» Data shown:
# # #
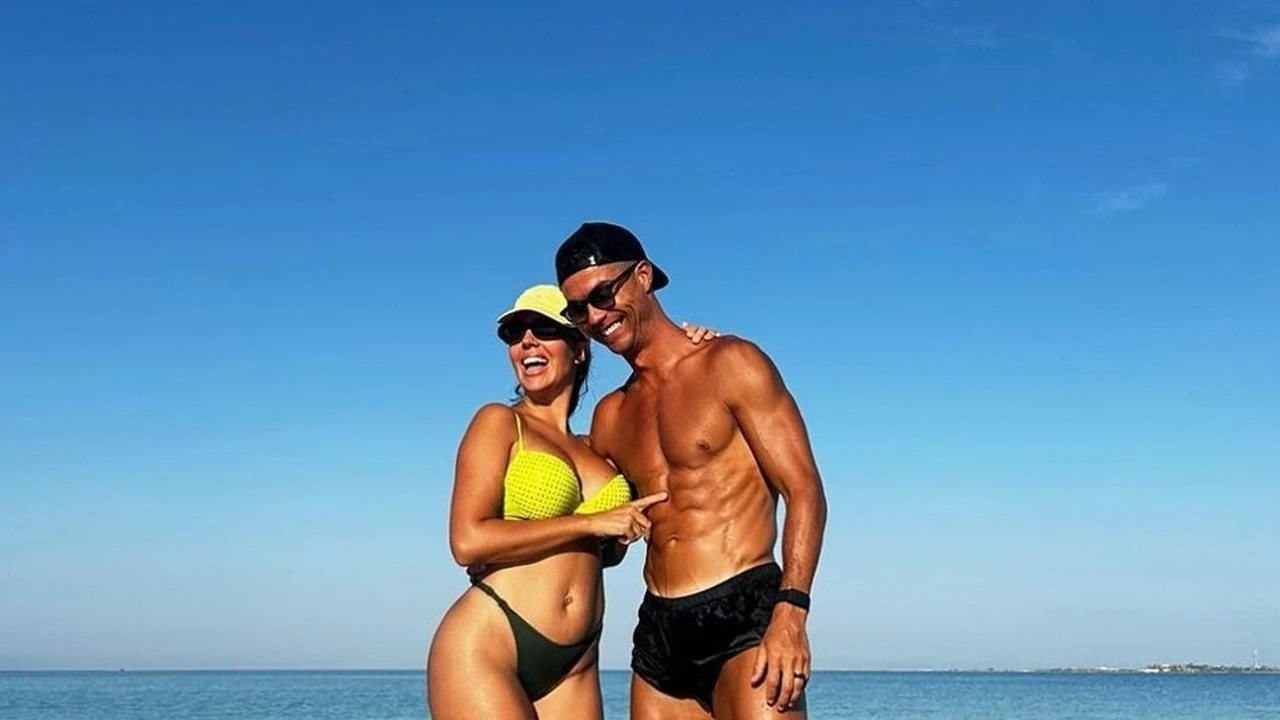 Playa, masajes y champán: las imágenes de las vacaciones a todo tren de Georgina y Ronaldo en una isla artificial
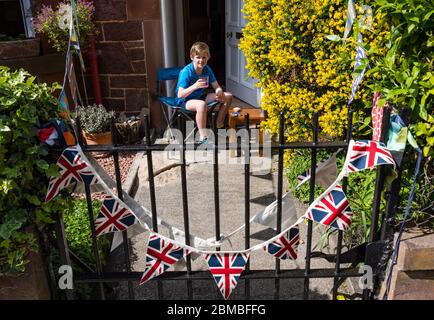 North Berwick, East Lothian, Schottland, Großbritannien. Mai 2020. VE Day Feiern: Rory, eine Grundschülerin, hebt am 75. Jahrestag des Sieges in Europa-Tages um 15 Uhr ein Glas Limonade während der Blockade der Coronavirus-Pandemie Covid-19 Stockfoto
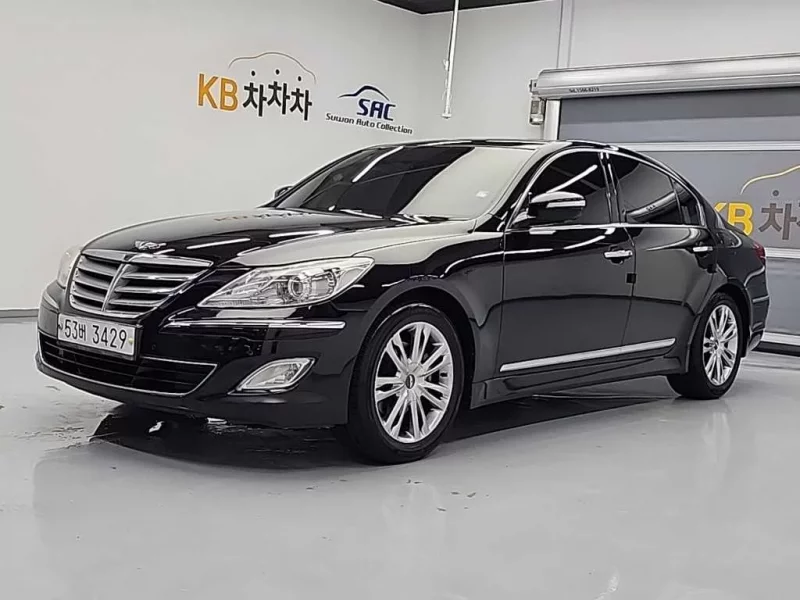 Hyundai Genesis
# # #
» Assignment:
Only the lines from the line with "North Berwick, East" through the closing line of the data, both included, should be set down, exactly as written and without pictures.

» Answer box:
 North Berwick, East Lothian, Schottland, Großbritannien. Mai 2020. VE Day Feiern: Rory, eine Grundschülerin, hebt am 75. Jahrestag des Sieges in Europa-Tages um 15 Uhr ein Glas Limonade während der Blockade der Coronavirus-Pandemie Covid-19 Stockfoto
 Hyundai Genesis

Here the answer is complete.